What needs to be done:
Word for word, copy the data that follows and skip its pictures.

--- Data below Enclosed Below ---

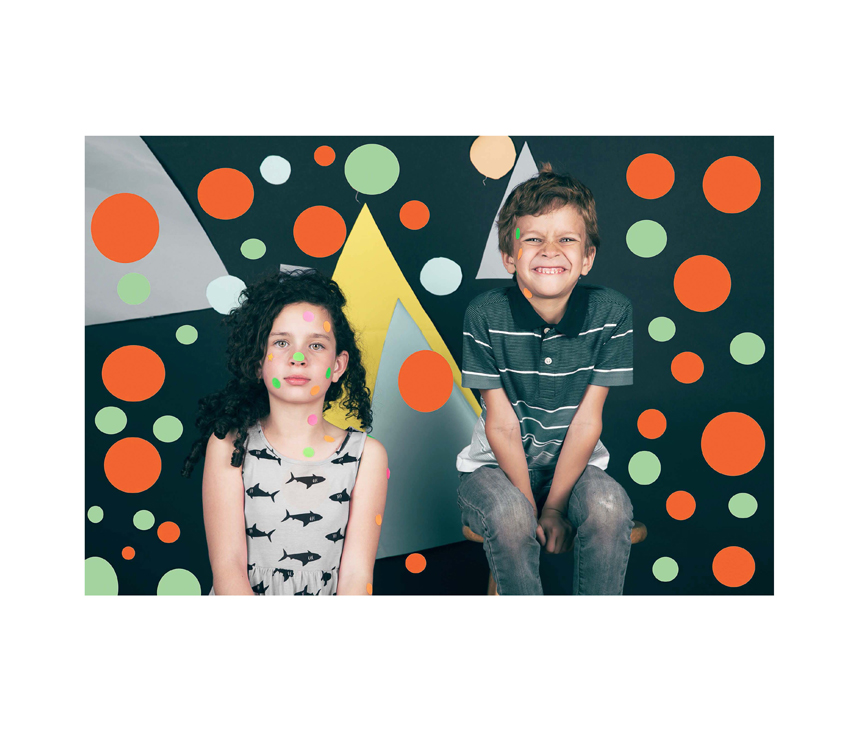 Two kids posing in front of polka dot wall with polka dots on bodies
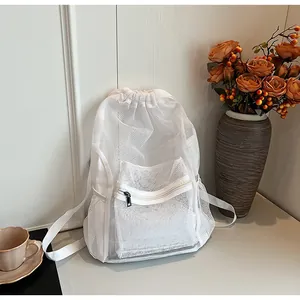 Detail of white mesh drawstring backpack featuring breathable large-hole texture and front pocket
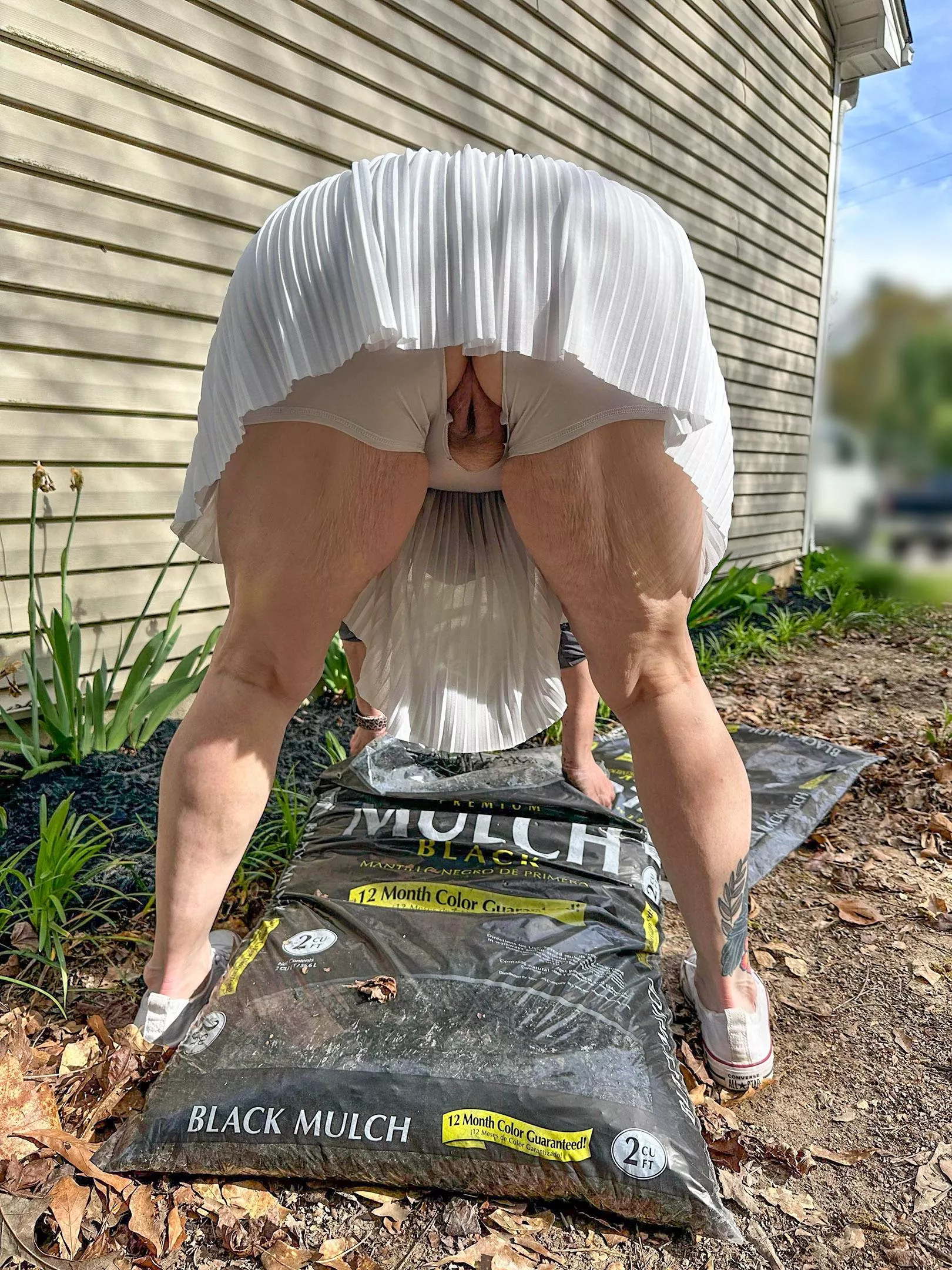 The neighbor guy keeps peeking over his fence. Maybe he will offer to help me!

--- End of Enclosed Data below ---

Completed task:
 Two kids posing in front of polka dot wall with polka dots on bodies
 Detail of white mesh drawstring backpack featuring breathable large-hole texture and front pocket
 The neighbor guy keeps peeking over his fence. Maybe he will offer to help me!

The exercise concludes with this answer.